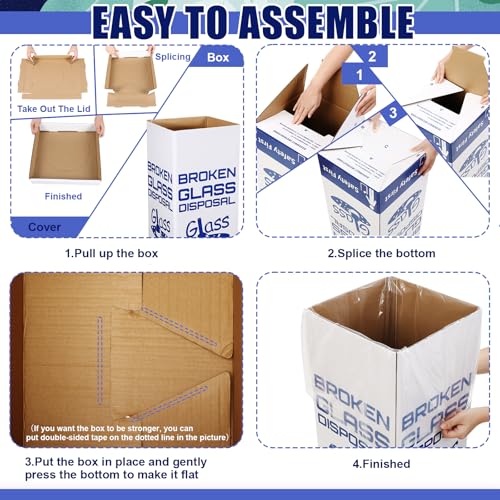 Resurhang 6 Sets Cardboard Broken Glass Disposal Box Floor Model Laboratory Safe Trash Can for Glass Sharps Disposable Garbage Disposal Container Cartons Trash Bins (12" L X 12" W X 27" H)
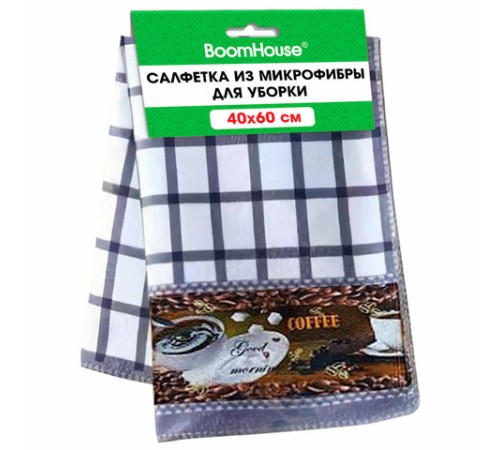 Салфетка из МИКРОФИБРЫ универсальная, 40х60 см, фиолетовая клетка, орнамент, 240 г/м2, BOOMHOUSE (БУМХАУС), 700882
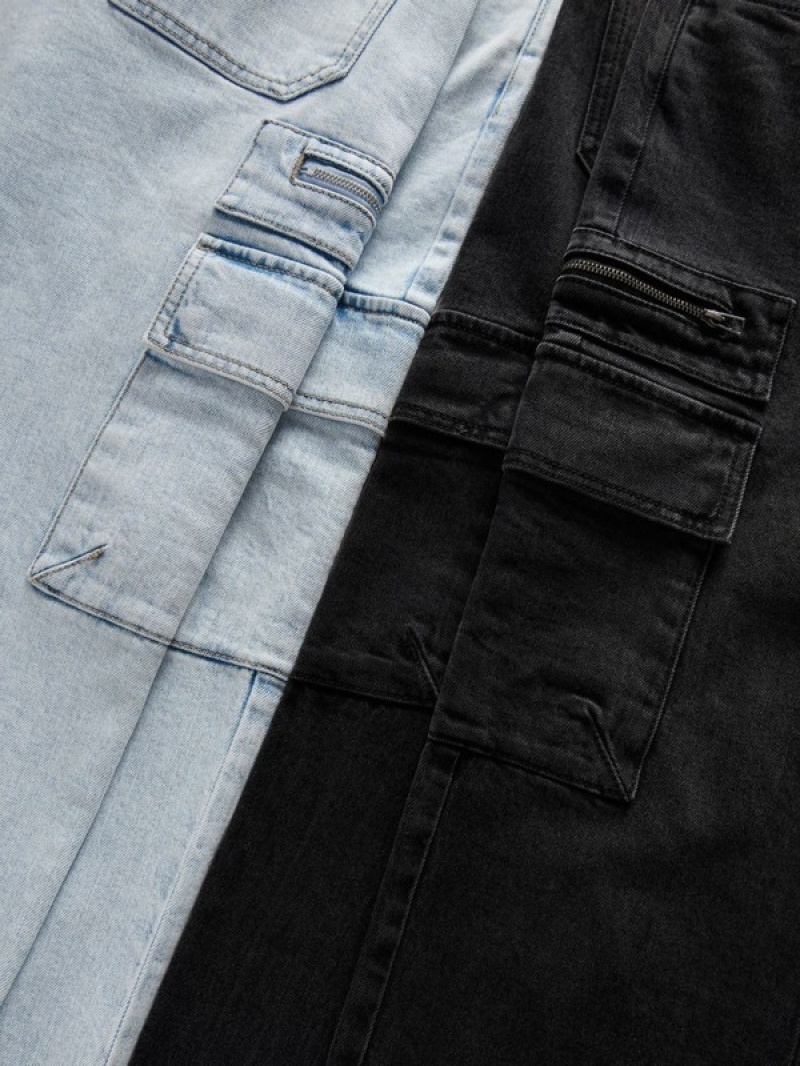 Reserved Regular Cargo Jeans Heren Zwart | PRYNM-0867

____

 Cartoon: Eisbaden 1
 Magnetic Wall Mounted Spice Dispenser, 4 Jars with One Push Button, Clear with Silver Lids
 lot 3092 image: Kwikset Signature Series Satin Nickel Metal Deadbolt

____

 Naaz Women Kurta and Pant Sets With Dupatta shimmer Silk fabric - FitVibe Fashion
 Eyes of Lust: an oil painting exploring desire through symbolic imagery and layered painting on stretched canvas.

____

A verbatim reproduction is expected: starting at the line above that has "Resurhang 6 Sets", ending at the line that has "Reserved Regular Cargo", both included, and with no pictures and no other lines.

#### Task output:
 Resurhang 6 Sets Cardboard Broken Glass Disposal Box Floor Model Laboratory Safe Trash Can for Glass Sharps Disposable Garbage Disposal Container Cartons Trash Bins (12" L X 12" W X 27" H)
 Салфетка из МИКРОФИБРЫ универсальная, 40х60 см, фиолетовая клетка, орнамент, 240 г/м2, BOOMHOUSE (БУМХАУС), 700882
 Reserved Regular Cargo Jeans Heren Zwart | PRYNM-0867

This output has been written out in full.